One person’s actions eventually affect all of us, for we are all interconnected. Urie Bronfenbrenner (1992) proposed this with Ecological Systems Theory: people are embedded, affected by and influencing their micro, meso, and macro-systems through their nuclear and extended family, school, and communities. Rev. Dr. Martin Luther King Jr. describes our interdependence while writing from a Birmingham jail cell: “We are caught in an inescapable network of mutuality, tied in a single garment of destiny. Whatever affects one directly, affects all indirectly.”

Connectedness is a fundamental concept of systems. Though many can agree that we are interconnected, it takes much more to accept its sobering implications. Leaders who deeply understand these truths can foster transformational systemic changes in education that lead to the collective growth of students and communities that we all yearn to see.
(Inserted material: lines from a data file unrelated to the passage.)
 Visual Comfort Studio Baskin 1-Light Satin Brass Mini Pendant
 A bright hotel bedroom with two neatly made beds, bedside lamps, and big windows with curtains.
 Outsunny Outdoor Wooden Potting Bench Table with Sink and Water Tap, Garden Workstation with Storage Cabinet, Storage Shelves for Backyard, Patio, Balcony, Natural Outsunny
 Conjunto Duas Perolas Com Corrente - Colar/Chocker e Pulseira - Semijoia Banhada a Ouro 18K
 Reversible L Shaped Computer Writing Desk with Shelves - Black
However, failure to act with an understanding of our inter- and intra-dependency has consequences and ultimately we as a society suffer as a result. For instance, a business leaders who gains more profit by paying their workers less may initially recoup more dollars from their business, but in the long run, they may pay more in recruitment and training as workers turn over, experience the health challenges of deferred healthcare, and other issues that plague low-wage workers. In public education, citizens must vote to pass improvement efforts, such as tax increases and bond initiatives, regardless if they have children eligible to attend or not. Failure to do so may lead to lower educational attainment, leading to lower wages and opportunities for young people to productively engage in society.

Our destinies are contingent upon one another’s actions. System Dynamics (SD), a method of understanding complex systems over time, describes a potential outcome of our interconnectedness called the accidental adversaries archetype.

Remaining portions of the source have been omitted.